HTTP is now using an Array{Pair{String,String},1} to store headers for performance reasons, but for many use cases (like Mux) people would like to read headers without needing to search through an array of pairs.

@oxinabox mentioned the possibility of defining Base.getindex(xs::AbstractVector{Pair{T, V}}, key) where T<:Union{Symbol, AbstractString}, V so that these could be indexed like headers["Origin"] and similar. @andyferris suggested a lightweight AbstractDict wrapper over AbstractVector{<:Pair}.

What’s the best option?

What would

getindex([3 => 1, 2 => 2, 1 => 3], 1)

do? A wrapper might be a better option.

EDIT sorry I missed T<:Union{Symbol, AbstractString}. Re-consider the example with a NamedArray or something similar. I still think it is too clever to special case generic accessors for a restricted set of types.

I agree.

just a thought:

headers = sort!(["Origin" => "abc", "Content-Type" => "def", "H" => "1", "H" => "2", "H" => "3"])
firstH = searchsortedfirst(headers, "H" => "")
while firstH <= endof(headers) && headers[firstH].first == "H"
    println(headers[firstH].second)
    global firstH += 1
end

What about

struct As_assoc end
const as_assoc = As_assoc()

Base.getindex(xs::AbstractVector{Pair{T, V}}, ::As_assoc, key::T) = ...

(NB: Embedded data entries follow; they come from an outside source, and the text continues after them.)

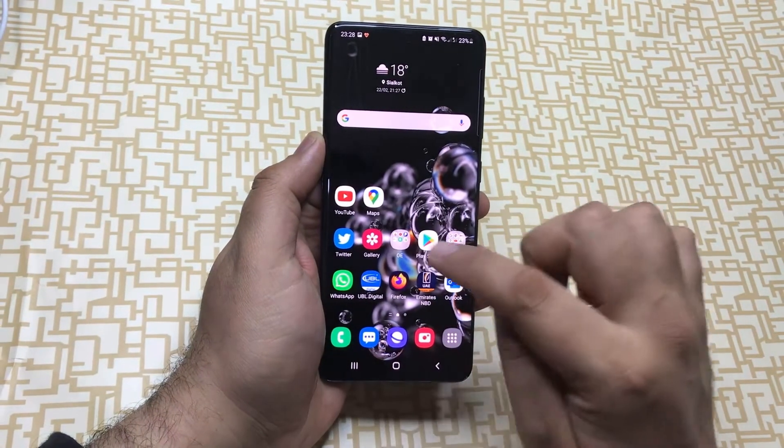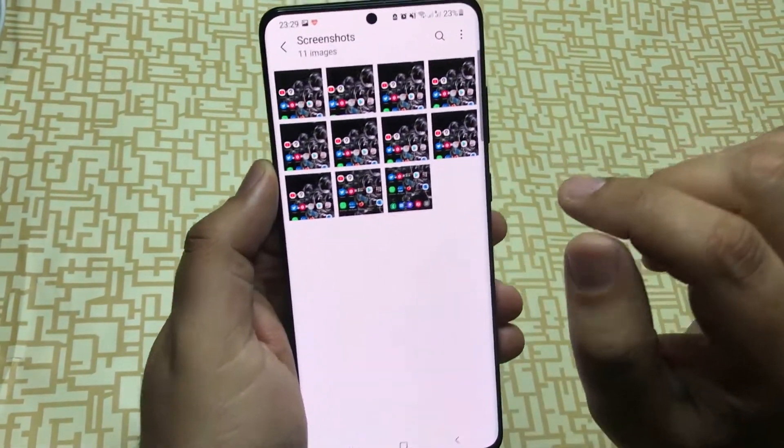You can see your saved screenshot inside the screenshot album in your photo gallery.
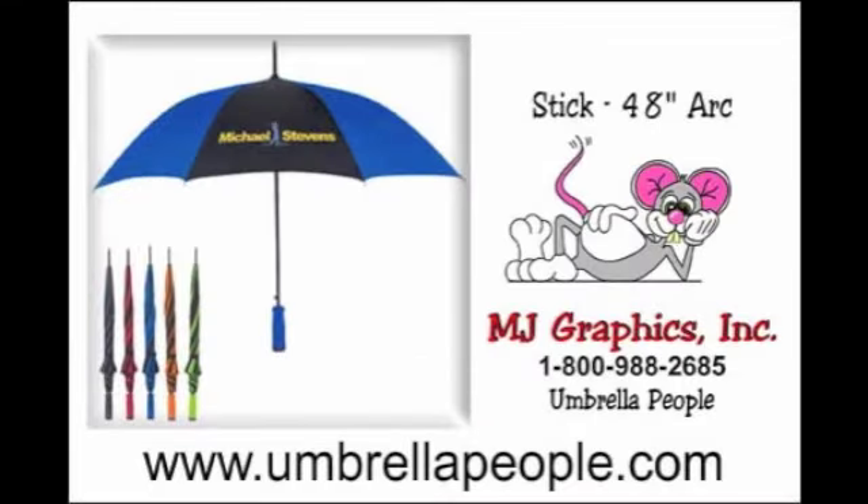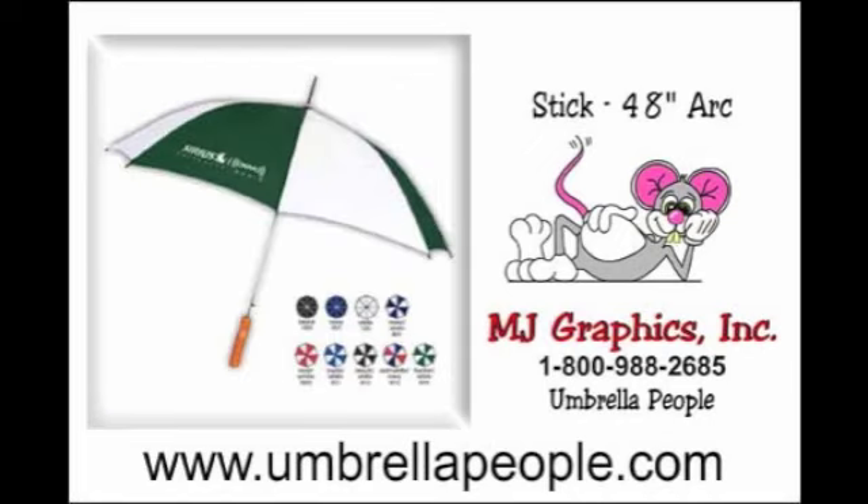Inexpensive stick umbrellas are made from the following materials: ribs — metal; shaft — metal; and the handle is plastic. Most standard stick umbrellas have eight panels. The fabric color of the canopy can be either solid or alternating color panels.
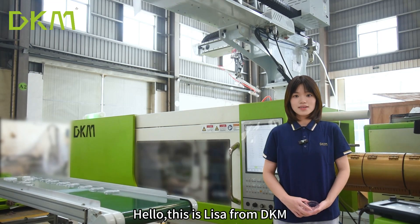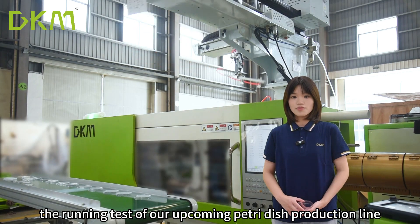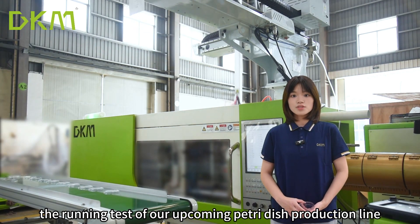Hello, this is Lisa from DKM. I'm in our workshop to show you the running test of our upcoming Petri dish production line.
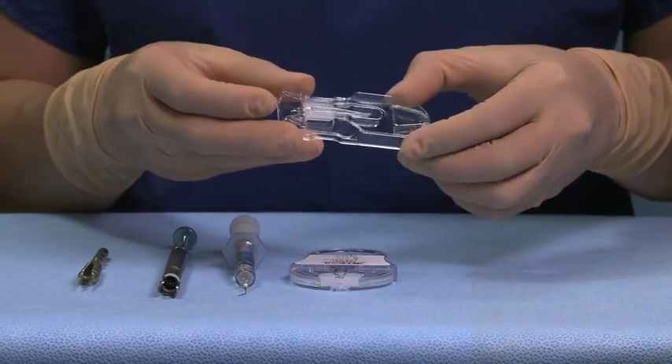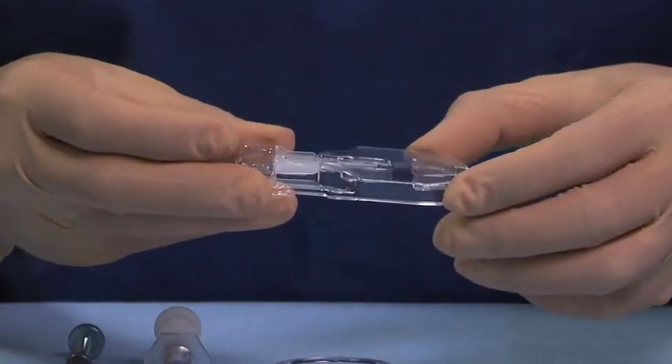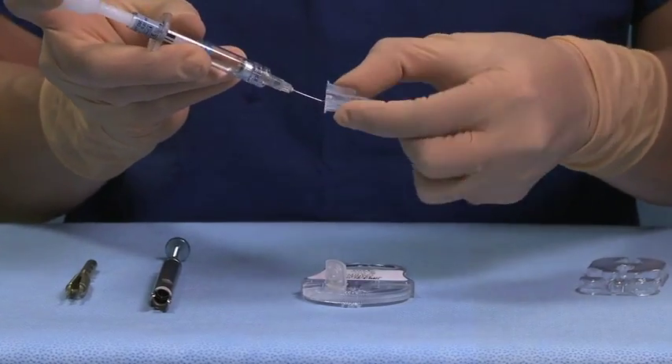To load the Unfolder Platinum 1 Series cartridge, first remove the cartridge from the inner tray and fill with Helon Viscoelastic.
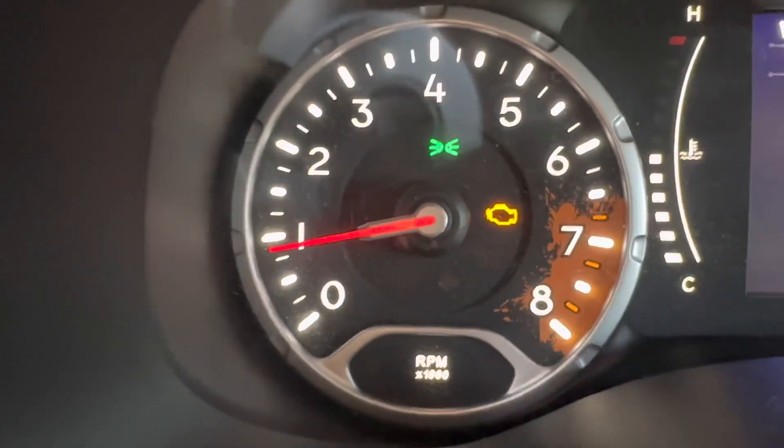Hello friends and welcome to Tony's Reviews. I want to show you guys something — this is really bad news for me. My engine light just came on. Look at this. There it is, that dreaded engine light. It is on.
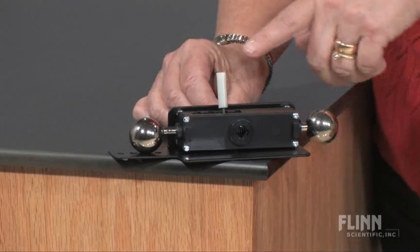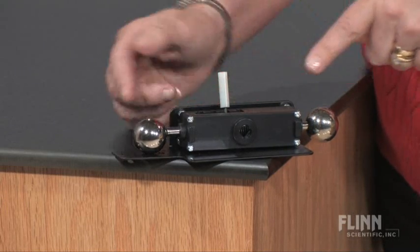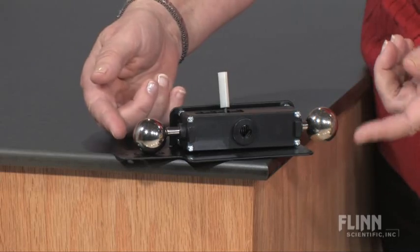After setting the release arm at one of four positions, ask students to predict which ball will hit the floor first. Now watch and listen.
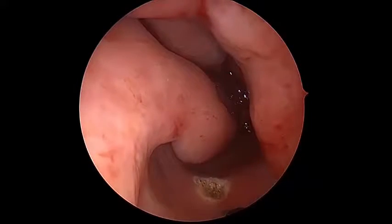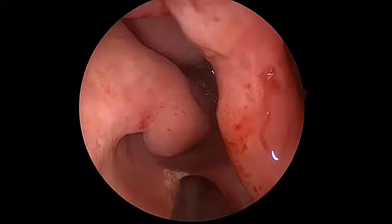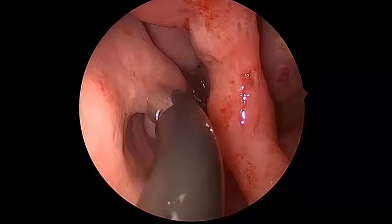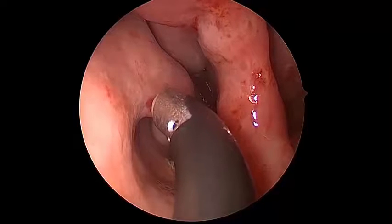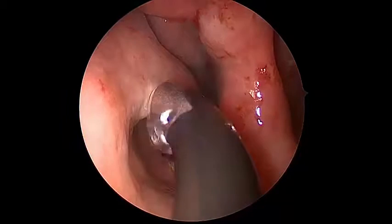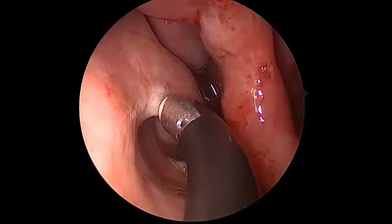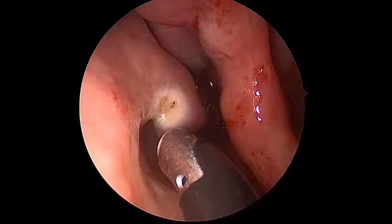This is the coblation setting on six or seven — typically works well. You'll see me rough it up and make sure there's nothing else bleeding, then I'll move on to other lesions. I'll usually start with the worst looking lesions first. This one is not particularly bad; it's easily coblated. You can see the saline going through the coblation because the saline carries the energy — it carries the ions. So it's always rinsing with saline at the tip.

allowing for headers[as_assoc, "Origin"] or maybe (needing an extra definition) headers[as_assoc, :Origin].

Re sorting: Losing the order of headers (as seen on the wire) does not seem like a good idea. But it might be a good idea to sort and also store the on-wire order.

Agreed, although the default sort! call is a stable-sort, so it can at least preserve the order of any given repeated header. We could preserve the original array too though:

> view(headers, sortperm(headers, by=first))
> searchsorted(ans, "H" => "", by=first)
2:4

Why not store something like Vector{Triple{key_T, val_T, Pair{UInt32, UInt32}}} where the last two denote the offset of the first byte and the last byte of the header line, relative to the start of the request? I almost said UInt16, but apparently longer leaders are technically valid HTTP (or may at least be seen in the wild).

That way you can binary search for specific headers and still don’t lose any info (e.g. you probably need to case-normalize header-names anyway; sure convenient if one can look up the on-the-wire spelling in the original header if needed). I know that I would curse if any info were discarded and I needed to reproduce the same interpretation of some malformed HTTP as some weird old or custom piece of software (or wanted to script some adversarial fingerprinting).

But you’re of course right that preserving the order of repeated headers is most important, and these are AFAIK technically the only parts of the order that MUST be preserved according to rfc7230.